Here are the pros and cons of this approach:
- Pros:
- Intermediate architecture complexity
- Reduced delay from Phase 1 by moving KNN search to real-time
Fast run-time using low latency cache
- Cons:
- There is still a delay (maybe one or two days depending on offline data infrastructure) between user activity and recommendation generation due to offline embedding generation
Phase 3: NRT
Now, for the final iteration to develop the state-of-the-art deep learning based retrieval system — we want to move entirely away from offline processing towards NRT processing. This requires streaming technology in order to be able to process user click events in real-time, as well as a model prediction service that will perform deep learning model inference in real-time. As the user is clicking around on the ecommerce website, looking at different items to purchase, these events are captured by an event streaming platform, such as Apache Kafka. Then, we aggregate these events with an Apache Flink application, taking the last N events in order to generate the embedding for a user in real-time.

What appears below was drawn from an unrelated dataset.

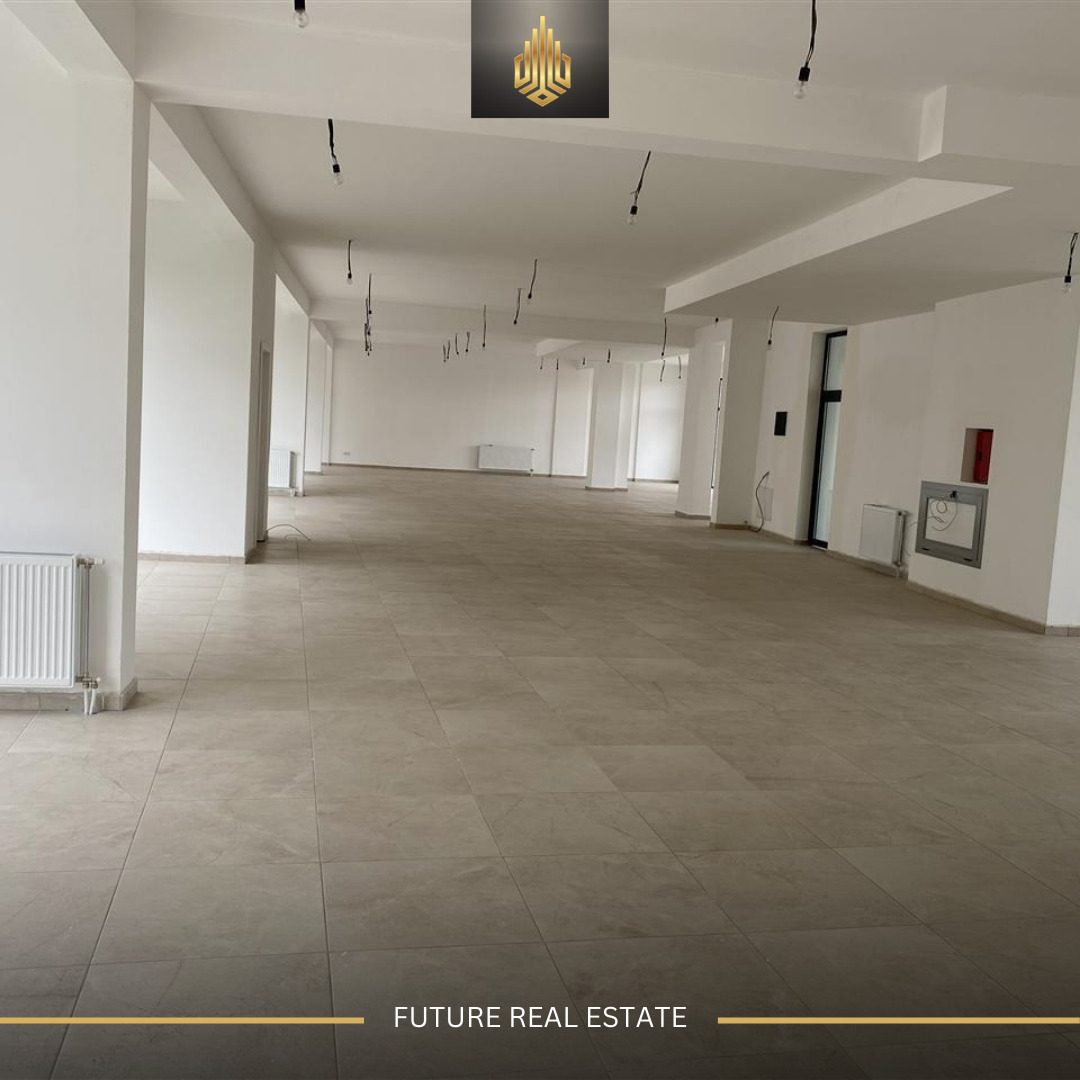 Lokal me QERA/340m² 2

In order to generate a user embedding in real-time, we use a deep learning model prediction service, developed in-house at eBay. This service runs Nvidia’s Triton Inference Server to execute a deep learning model prediction on GPUs. We export our PyTorch models to Torchscript or ONNX format so that the prediction can run in an optimized non-Python environment. Finally, when a user embedding is generated in real-time, it is stored in Couchbase, so it is available for access by the recommendation back-end application.

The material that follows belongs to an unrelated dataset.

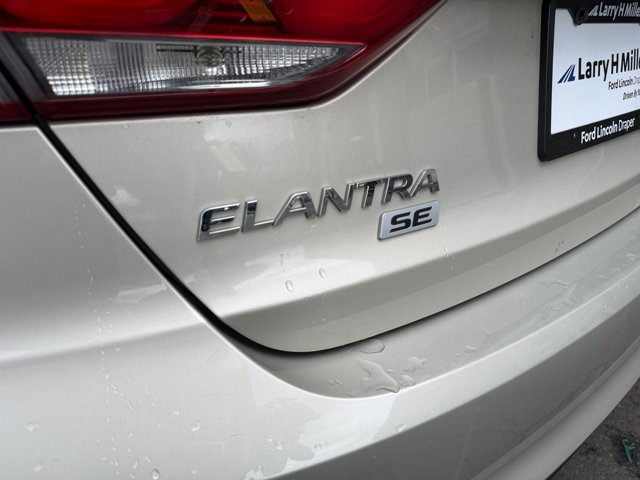 Used 2017 Hyundai Elantra SE image 25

Here are the steps for Phase 3 architecture put together:
- A user click event happens, it is captured by eBay’s Kafka event streaming platform.
- A Flink application captures several user events and calls the deep learning prediction service to generate the user embedding.

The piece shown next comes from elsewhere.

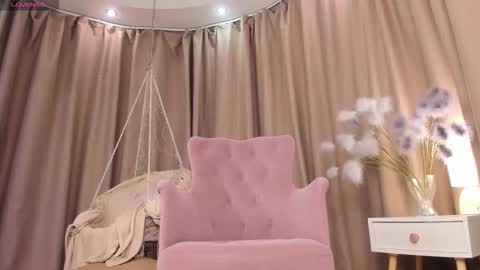 Naomi online show from November 12, 1:30 am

- Write user embeddings to Couchbase with {key: value} = {user id: user embedding vector}.
- Finally, the real-time recommendation application takes in a user id, when a user is browsing the website, calls Couchbase to get a NRT user embedding vector, then calls the real-time KNN service to perform the KNN search in real-time and displays the recommendation results back to the user. (same as Phase 2, Step 5, but with NRT user embeddings)
Note that the item flow that populates the KNN service here is the same as in Phase 2, but can be upgraded to NRT as well. Newly listed items, that were not loaded using the daily batch upload, can be loaded to the KNN service index using the Phase 3 type NRT solution, which makes the KNN service serve all of the live items continuously.
Here are the pros and cons of this approach:
- Pros:
- Delay reduced to seconds using NRT
- Fast run-time using low latency cache
- Cons:
- Advanced architecture complexity
- Maintenance of complex system
The system design evolution was broken up into these three phases from an organizational resource optimization perspective. Building the Phase 3 system may be a multi-year and certainly a multi-developer endeavor. So the idea here is that individual components will be built over time, potentially by separate scrum teams, and eventually the whole system will be completed. Furthermore, even if this exact system is not designed like we described, most of the components in this microservice architecture will be useful for a wide variety of recommender system and information retrieval tasks.
This article provides a high-level overview on the scale and complexity of building a deep learning based retrieval system for generating personalized recommendations.